- [Study material]:
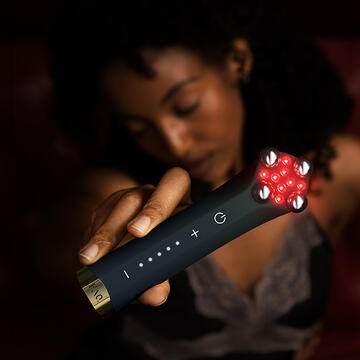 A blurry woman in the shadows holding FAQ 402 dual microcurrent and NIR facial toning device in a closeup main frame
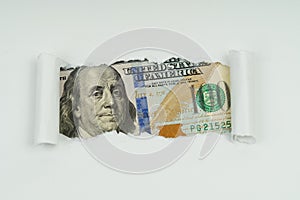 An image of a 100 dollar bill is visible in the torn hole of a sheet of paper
...
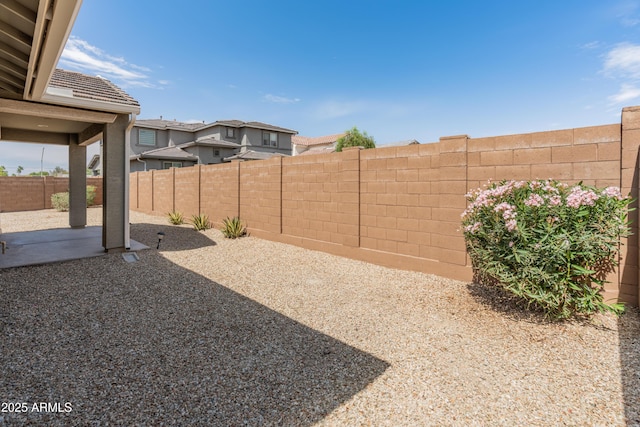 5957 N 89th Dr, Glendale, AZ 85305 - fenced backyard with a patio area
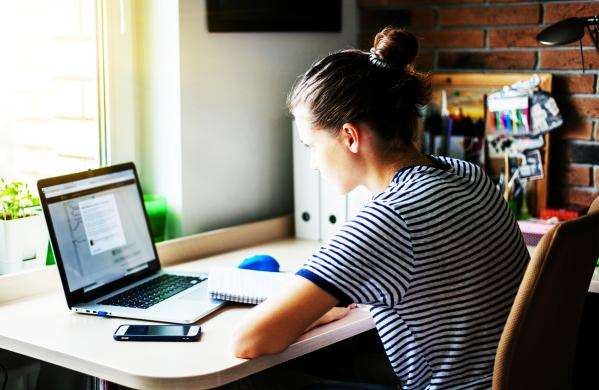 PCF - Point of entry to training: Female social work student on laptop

- [Task goal]:
Within the material above, find the part that opens with the line containing "5957 N 89th" and closes with the line containing "PCF - Point", and reproduce it exactly without the pictures.

- [Output of the exercise]:
 5957 N 89th Dr, Glendale, AZ 85305 - fenced backyard with a patio area
 PCF - Point of entry to training: Female social work student on laptop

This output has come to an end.